*** Input data ***

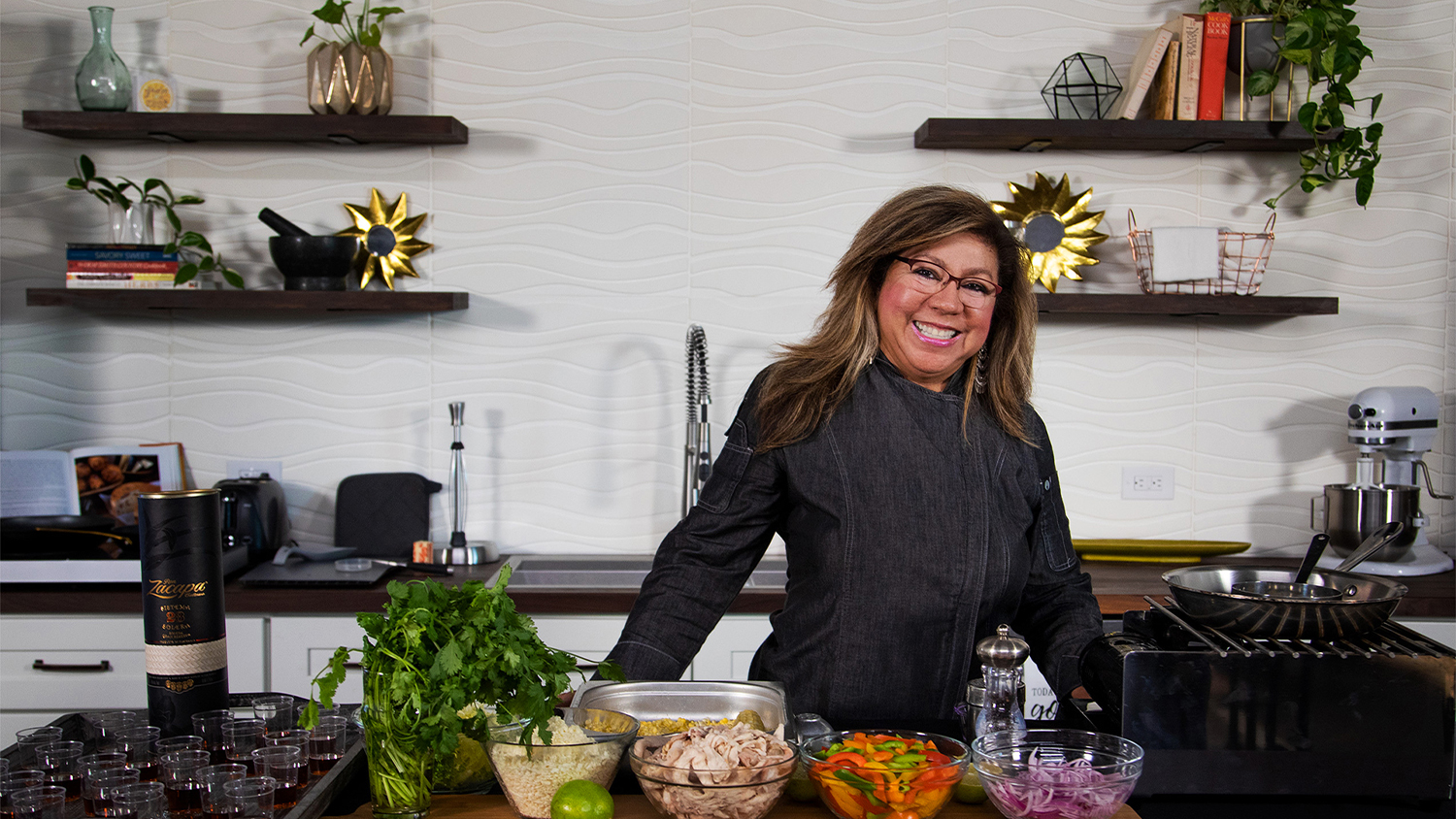 Chef Amalia Moreno-Damgaard using the Kitchen Studio at Rockstoria Studios Minnesota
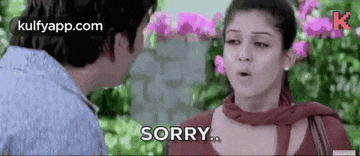 a man and a woman are talking and the woman is saying sorry .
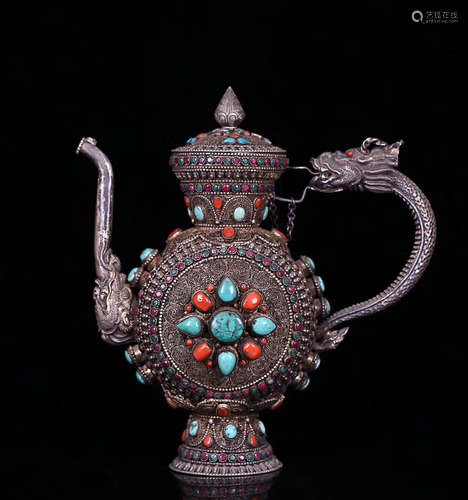 AN OLD TIBETAN SILVER WINE POT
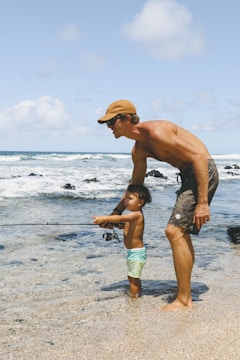 man in blue shorts and brown hat running on beach during daytime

*** End of Input data ***

§ **Work required**
Give the listing above again in its entirety and exactly; do not include the pictures.

§ **Result**
 Chef Amalia Moreno-Damgaard using the Kitchen Studio at Rockstoria Studios Minnesota
 a man and a woman are talking and the woman is saying sorry .
 AN OLD TIBETAN SILVER WINE POT
 man in blue shorts and brown hat running on beach during daytime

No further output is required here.